I spent most of our first day in Graciosa in the cockpit with binoculars and camera at my side, hand sewing the flag of Spain, and stealing views of other cruisers and the day party boats moored near shore. Our sewing machine is not working (Fixing it is on the list. I have an instructional CD. That should go well, right?) and Spain’s is a simple three-stripe flag; in my past life ashore I used to embroider, so I sewed a flag. That actually went very well, but it did take nearly all day.
EW had announced that he was tired from the sail and wanted a day of rest, flatly refusing to get the dingy in the water. I was OK with that, as it isn’t quite kosher to hang around town before we check in to the country, and we couldn’t do that until Monday. While I was on deck with the binoculars and my sewing, I noticed a handsome shepherd on Sephina, the catamaran anchored near us. EW thought he had heard live music wafting from that same boat the evening before. Therefore, we were both on the lookout for the crew of that boat, so when Rob (Australian) and Jen (French) and their dog Bal (German) came by in a kayak, we hailed them. I talked dog, and EW asked them if the music he’d heard had been from their boat. Oh yeah.

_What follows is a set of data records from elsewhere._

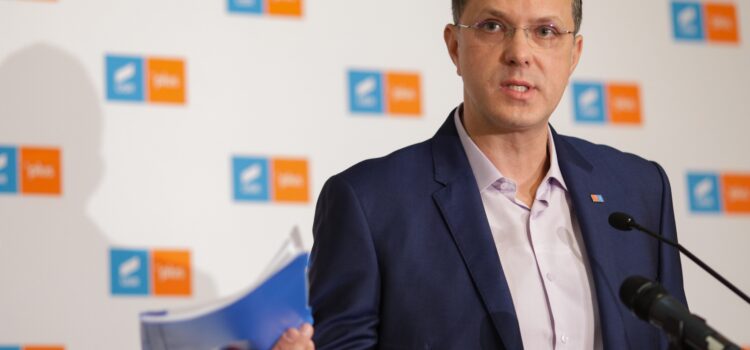 Cererea USR de urgentare a dezbaterii legii privind certificatul verde, respinsă de PNL și PSD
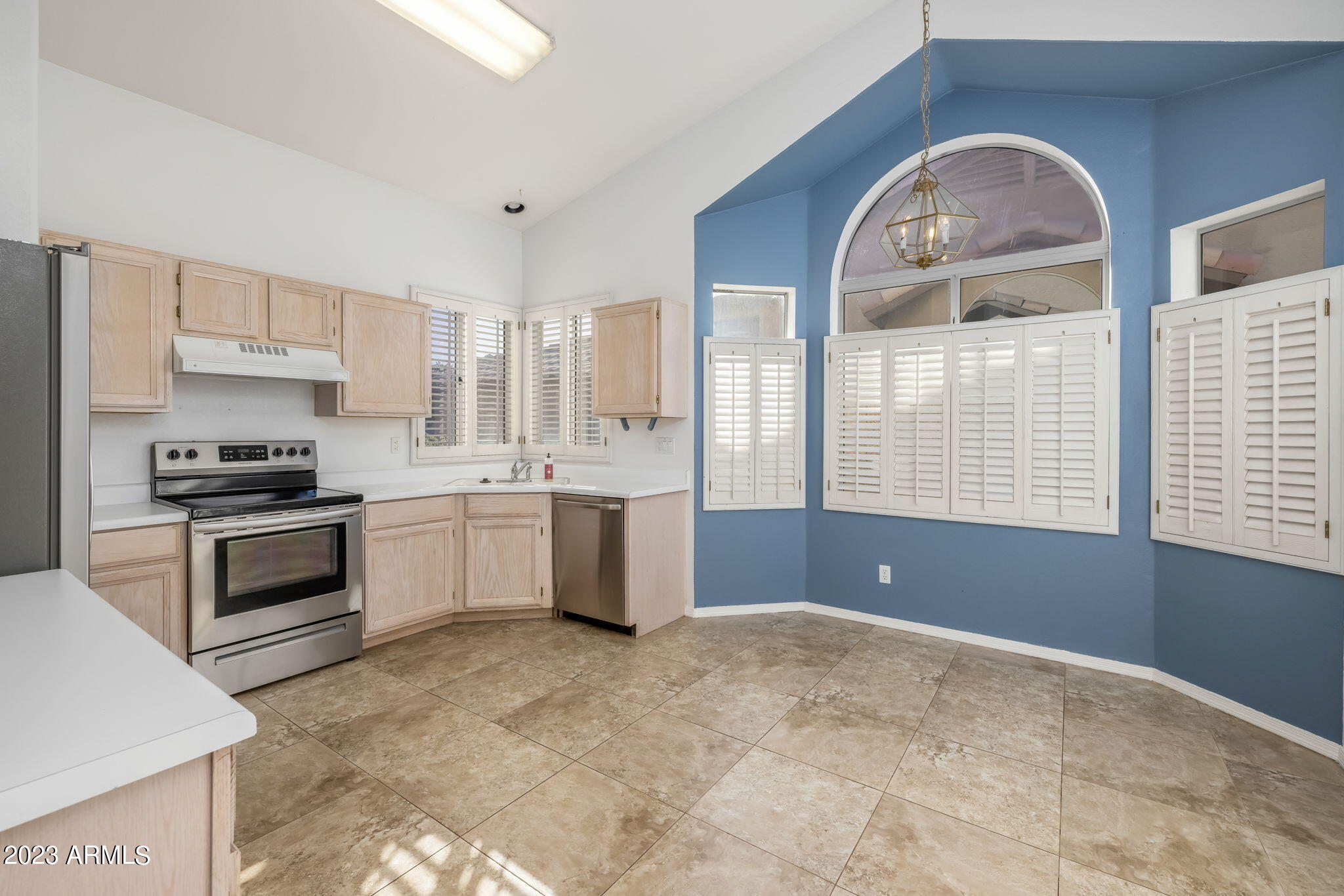 910 West Silver Creek Road Gilbert, AZ 85233 - Photo 9 of 23 Kitchen 2
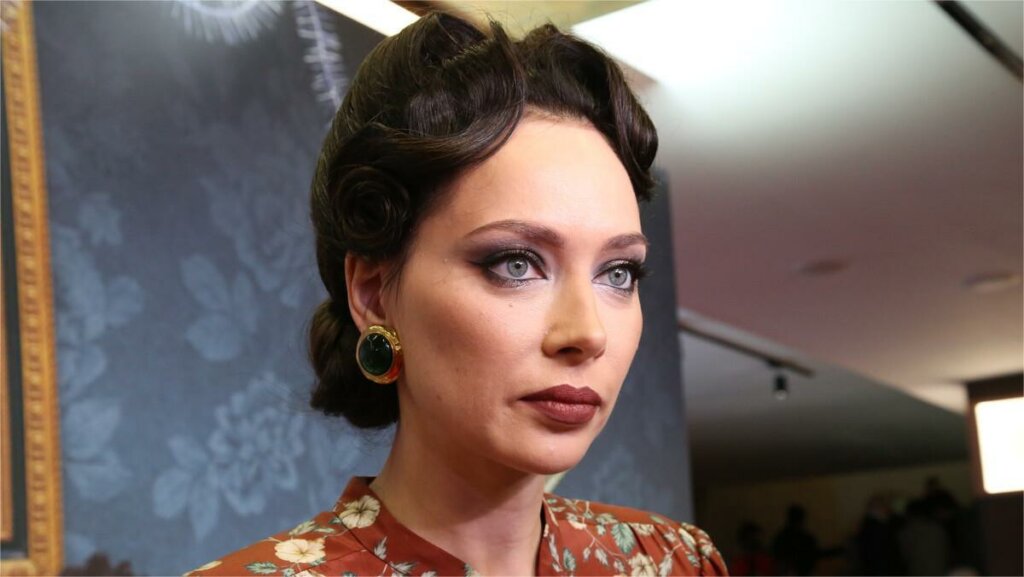 Анастасия Самбурская в молодости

(We found out later that Rob and Jen had met via an on-line music site. During the ensuing months they shared music, life histories, and dreams. At some point in the early conversations, Rob mentioned he wanted to sail around the world and Jen told him he should absolutely follow his dream. When their friendship became a relationship he asked Jen to sail with him. She agreed as long as she could keep her dog and have some plants on board. They have a large, beautiful catamaran, with dog, plants, a number of guitars, a full electronic keyboard, and a box of assorted small percussion instruments.)

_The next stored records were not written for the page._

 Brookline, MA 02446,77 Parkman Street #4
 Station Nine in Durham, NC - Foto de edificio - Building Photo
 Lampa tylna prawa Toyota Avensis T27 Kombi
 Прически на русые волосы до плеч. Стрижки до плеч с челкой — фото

Of course, we didn’t know all of that when EW asked about the music, but Rob was delighted to find out that EW played and it was agreed that we’d get together at some point. I stitched away and tried to come up with some snack options in case “at some point” meant that evening on La Luna. I mentally thanked my morning self for cleaning the boat, physically mixed up a batch of cheese crackers and put it in the fridge to firm before baking, and went back to sewing the flag and keeping watch over the harbor.

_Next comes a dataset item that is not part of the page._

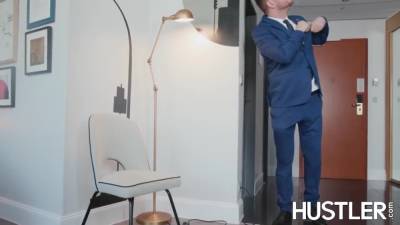 Berlin Den Of Thieves Valentina Ricci - hotmovs.com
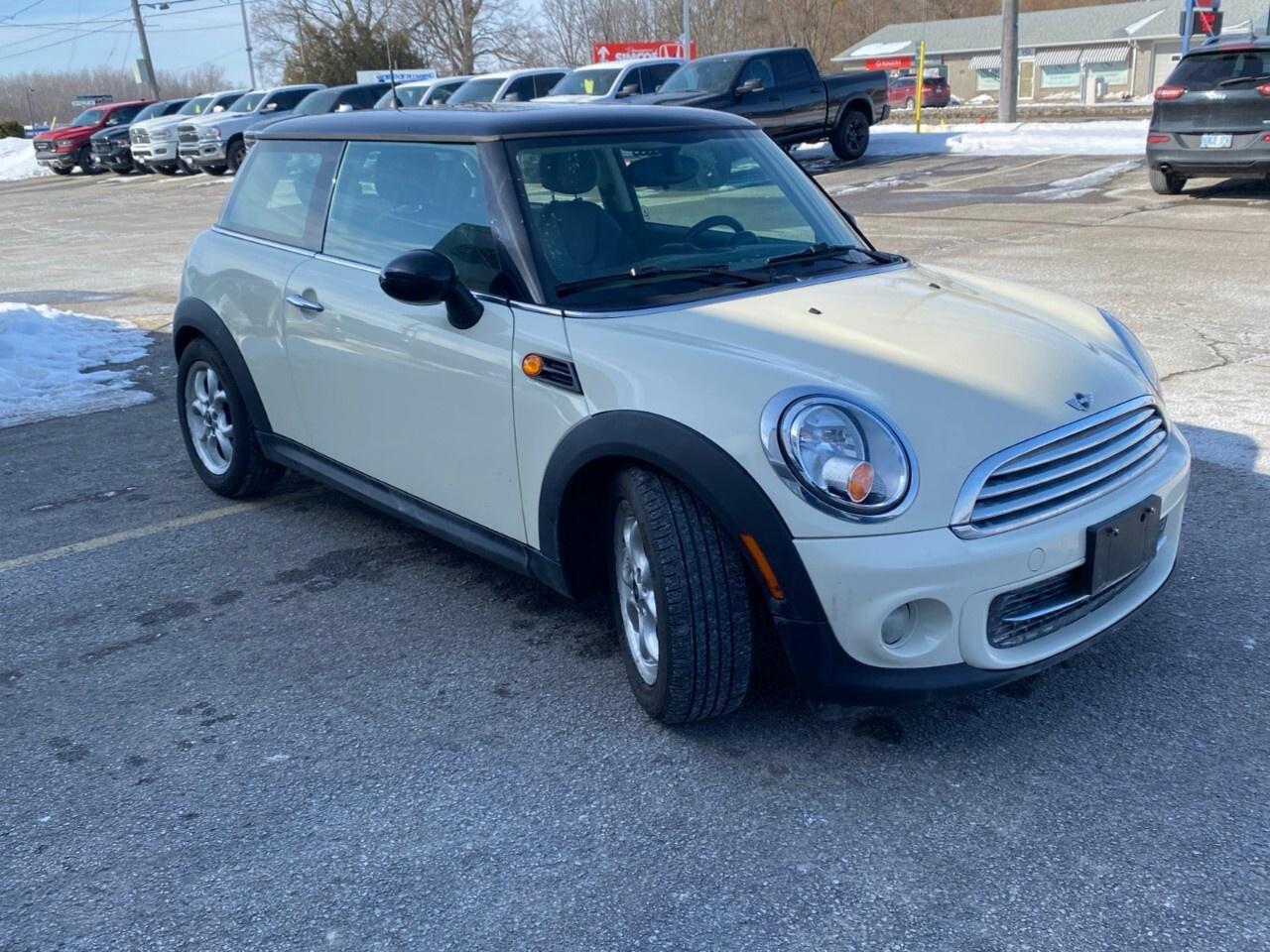 2013 MINI Cooper Hardtop 2dr Cpe Photo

Later that afternoon, Rob and Jen came by to say that folks they’d met in Madeira had arrived and they all wanted to get together to share music. We were invited, and EW amazingly found the energy and motivation to inflate the dinghy. (Subtle, not?) I baked the crackers, we packed our drinks and other things and prepared for an evening of playing music in the cockpit of a catamaran. Of course, this immediately brought to mind our many evenings on Two Much Fun, One White Tree, and Ainulindalë . I will not cry. I will not cry. We had been invited for 6, but I purposely waited until a bit later so that they could all catch up in French and have dinner. The other guests were Marianne, Jon-Luc, and Luca from S/V. Yeo, and another family from France, Luic, Laurence, Louise, Mael, and Lucy. All are fun, talented, wonderful people and we had a ball. Louise played her violin, Lucy showed us the “Cup Song”, and Mael is a budding magician with a myriad of tricks and a winning smile. Luca didn’t play for us, but I know that he writes songs and lyrics. Marianne, Laurence, and Luic have excellent singing voices. This was a talented group.
Jon-Luc knows a lot of American songs – in French. He’d hum one to EW in a stepped-up tempo, and we’d try to slow it down in our mind and figure out what song it was so they could play it together. His guitar is a travel guitar that rattled when EW tried it out. Turned out Jon-Luc had stored his reading glasses in it. Jon-Luc told us in his limited English that the guitar had been advertised as a carryall and paddle. Now that’s a versatile guitar. Didn’t sound half bad, either.
Jon-Luc, Rob, Jen,and EW all led the group is their favorite songs and in the songs requested by Marianne and Laurence, who had song books in French and English. We laughed, we sang, we got to know each other, and we felt welcomed back into the cruisers’ way of life as we knew it in the Caribbean. I think we’re going to like the Canaries just fine, and I’m sure that those cruising in the Caribbean will enjoy meeting the crews on these three boats, as well.
Jon-Luc, Jen, Marianne, and Mael after a particularly effective trick. Don’t you love his magician’s head gear? It was also effective as a presto-chango scarf.
Bal likes to sleep on feet. Best case – he sleeps on one foot and you use the other to rub behind his ears. We are friends.